From Sequences to Strategies: Early Detection of New SARS-CoV-2 Variants via Genetic Distance to Reduce Hospitalizations

The COVID-19 pandemic highlighted the critical need for robust methods to monitor viral evolution and detect emerging variants of concern (VOCs). Traditional genomic surveillance often lacks predictive power. This study expanded an unsupervised machine learning clustering algorithm, based on SARS-CoV-2 Spike protein Levenshtein distance, to track and predict variant predominance across six European countries from 2020 to January 2024. We also investigated the influence of genetic distances and containment strategies on hospitalization rates. Sequences were transformed into temporal chains, and growth parameters were extracted via sigmoid fitting. A deep neural network (DNN) was trained to classify emerging chains as likely dominant, while a CatBoost model assessed variable importance for predicting weekly hospitalizations in Denmark.
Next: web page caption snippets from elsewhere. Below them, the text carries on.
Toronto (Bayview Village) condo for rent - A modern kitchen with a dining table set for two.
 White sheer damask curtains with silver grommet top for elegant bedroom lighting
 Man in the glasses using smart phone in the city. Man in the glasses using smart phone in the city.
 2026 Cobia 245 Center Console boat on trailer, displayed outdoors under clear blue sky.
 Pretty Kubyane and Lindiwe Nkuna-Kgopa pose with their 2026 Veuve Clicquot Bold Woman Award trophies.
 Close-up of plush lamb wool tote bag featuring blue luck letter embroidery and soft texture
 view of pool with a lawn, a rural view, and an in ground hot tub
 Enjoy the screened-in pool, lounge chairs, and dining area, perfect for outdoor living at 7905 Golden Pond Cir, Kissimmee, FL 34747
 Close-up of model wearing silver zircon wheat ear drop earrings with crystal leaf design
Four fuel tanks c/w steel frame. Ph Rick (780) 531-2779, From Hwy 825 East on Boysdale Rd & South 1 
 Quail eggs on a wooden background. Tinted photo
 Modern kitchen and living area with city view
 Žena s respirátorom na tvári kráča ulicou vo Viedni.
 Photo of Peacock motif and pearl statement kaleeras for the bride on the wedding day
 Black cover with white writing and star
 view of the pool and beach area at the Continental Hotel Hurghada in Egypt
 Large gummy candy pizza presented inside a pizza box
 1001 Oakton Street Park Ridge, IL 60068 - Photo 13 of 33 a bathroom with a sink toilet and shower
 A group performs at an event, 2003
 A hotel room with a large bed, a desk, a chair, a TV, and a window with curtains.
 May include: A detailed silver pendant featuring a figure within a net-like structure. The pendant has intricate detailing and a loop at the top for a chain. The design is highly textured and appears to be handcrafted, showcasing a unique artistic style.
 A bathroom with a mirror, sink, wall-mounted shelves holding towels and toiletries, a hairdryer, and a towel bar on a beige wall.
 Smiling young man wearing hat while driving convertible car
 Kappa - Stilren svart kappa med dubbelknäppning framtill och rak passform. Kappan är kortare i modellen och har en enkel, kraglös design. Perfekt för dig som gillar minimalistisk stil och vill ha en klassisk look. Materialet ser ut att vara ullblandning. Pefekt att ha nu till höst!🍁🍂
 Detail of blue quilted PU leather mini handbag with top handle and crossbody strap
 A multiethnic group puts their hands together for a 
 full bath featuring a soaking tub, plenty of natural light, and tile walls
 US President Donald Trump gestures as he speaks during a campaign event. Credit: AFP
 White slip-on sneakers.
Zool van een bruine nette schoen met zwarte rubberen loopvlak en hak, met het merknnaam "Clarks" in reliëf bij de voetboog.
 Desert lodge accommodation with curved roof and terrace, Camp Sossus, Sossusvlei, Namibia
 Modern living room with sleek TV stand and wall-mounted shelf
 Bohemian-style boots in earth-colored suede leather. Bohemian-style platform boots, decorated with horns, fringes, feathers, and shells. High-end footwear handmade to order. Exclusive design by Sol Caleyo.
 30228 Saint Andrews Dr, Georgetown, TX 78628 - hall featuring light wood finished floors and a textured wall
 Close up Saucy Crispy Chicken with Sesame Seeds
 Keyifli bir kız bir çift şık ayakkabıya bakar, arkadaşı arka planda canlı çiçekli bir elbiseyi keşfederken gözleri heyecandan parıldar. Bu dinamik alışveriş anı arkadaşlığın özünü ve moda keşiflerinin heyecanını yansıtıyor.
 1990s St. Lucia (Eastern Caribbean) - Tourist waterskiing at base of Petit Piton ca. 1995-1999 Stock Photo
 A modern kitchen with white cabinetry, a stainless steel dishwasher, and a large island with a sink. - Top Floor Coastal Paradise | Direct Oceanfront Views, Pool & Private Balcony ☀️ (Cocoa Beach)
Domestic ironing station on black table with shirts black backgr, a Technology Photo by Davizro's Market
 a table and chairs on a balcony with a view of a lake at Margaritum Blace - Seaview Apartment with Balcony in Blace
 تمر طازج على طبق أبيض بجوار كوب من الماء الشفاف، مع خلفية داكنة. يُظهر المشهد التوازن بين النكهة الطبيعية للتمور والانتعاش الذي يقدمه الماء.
Simulations explored modifying vaccine genetic distance, containment measures, and VCR. Approximately 5,000 sequences per week enabled early chain detection within four weeks. The DNN achieved near-perfect classification of chain predominance within 3-4 weeks of appearance. Genetic distances within consecutive chains and with vaccine strains were significant predictors of hospitalizations. Simulations suggest that better-matched vaccines or stricter containment measures could reduce hospitalizations. Doubling vaccination coverage alone had minimal effect but showed additional reductions when combined with strict containment. This integrated framework demonstrates the utility of combining unsupervised and supervised machine learning for real-time tracking and prediction of SARS-CoV-2 variant dynamics and their impact on public health. Our findings underscore the critical role of genetic distances and effective public health interventions in mitigating the burden of emerging variants, supporting timely genomic surveillance and adaptive public health strategies.